Esto se hace a través de una solicitud ARCO, que es un recordatorio a la autoridad de los derechos ciudadanos al Acceso, Rectificación, Cancelación y Oposición de la información. Esta solicitud es personal, gratuita y se debe realizar directamente en la unidad de transparencia de la dependencia o en su correo electrónico correspondiente.
Para entender mejor: RUAC no tiene fecha límite de inscripción, expertos advierten riesgo en privacidad de datos
Lo primero es acudir presencialmente a la unidad de transparencia de la dependencia o enviar un correo electrónico para preguntar qué información personal tienen en tu registro. En este caso los correos del RUAC son [email protected] y [email protected].
“Yo siempre sugiero que pidan primero el (derecho) de acceso, que digan, te escribo porque quiero saber qué información tienes sobre mí y me acredito como tal persona”, explicó Laura Lizette Enríquez Rodríguez, comisionada presidenta del instituto de Transparencia, Acceso a la Información Pública, Protección de Datos Personales y Rendición de Cuentas de la Ciudad de México (InfoCMDX).
Después de obtener la respuesta, es momento de presentar una solicitud ARCO. En el caso del registro de mascotas solo es válido pedir la cancelación de la información personal cuando fallece la mascota o si ya no se es tutor.
El documento es una carta formal que debe ir dirigida a la autoridad y debe explicar los motivos de la solicitud de la cancelación. “(Como dependencia) ya no tienes por qué tener la misma información, yo ya no soy dueña del perrito porque lo vendiste, lo regalaste, algo pasó, entonces tú puedes pedir que cancelen esa información”, explicó la comisionada.
La dependencia tiene un periodo de entre 10 y 15 días para responder a la solicitud de cancelación. Este proceso no requiere de asesoría legal o la contratación de un abogado.

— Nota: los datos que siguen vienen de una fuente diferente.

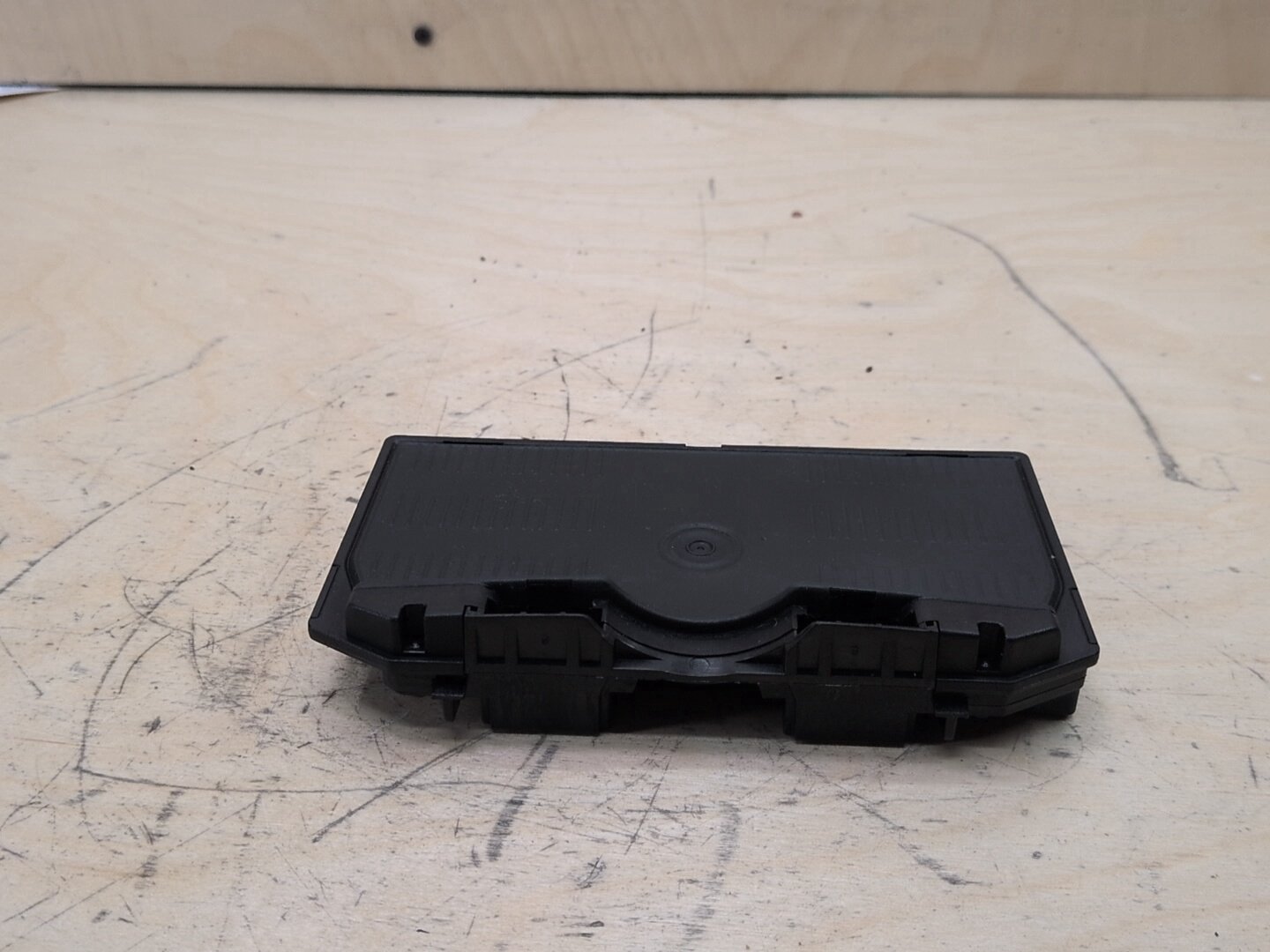 2016-2022 BMW 750i G12 Wireless Phone Charger Module 6827189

En caso de que la dependencia no responda o se niegue a realizar la solicitud sin un motivo válido, entonces se puede presentar una queja directamente en InfoCDMX, la autoridad responsable de rendición de transparencia en la capital.
La información colocada por los usuarios es compartida con terceros como autoridades de las 16 delegaciones en la Entidad y autoridades de seguridad, lo que va en contra del derecho de protección de datos personales.
Además, los datos personales del tutor y de la mascota permanecerán en una base de datos con una vigencia de hasta 10 años, por lo que distintas administraciones gubernamentales podrán tener acceso.
Esto se da bajo el argumento de que se necesita “formar una red de apoyo en los casos de extravío, accidentes, maltrato y crueldad animal” y por ello, los datos serán transferidos a las 16 alcaldías de la Entidad y a dependencias gubernamentales, detalla el aviso de privacidad simplificado.
Pero dar libre acceso de la información privada de los usuarios a instituciones como la Secretaría de Seguridad Pública y la Fiscalía General de la Ciudad de México, representa un riesgo jurídico, ético y social, advierte Ernesto Villanueva, especialista en derecho a la información e investigador del IIJ-UNAM.
“Sin control judicial o con un motivo fundado, (tener acceso) a un registro como el RUAC es una regresión en materia de derechos fundamentales, y contraviene estándares nacionales e internacionales de protección de datos”, señaló.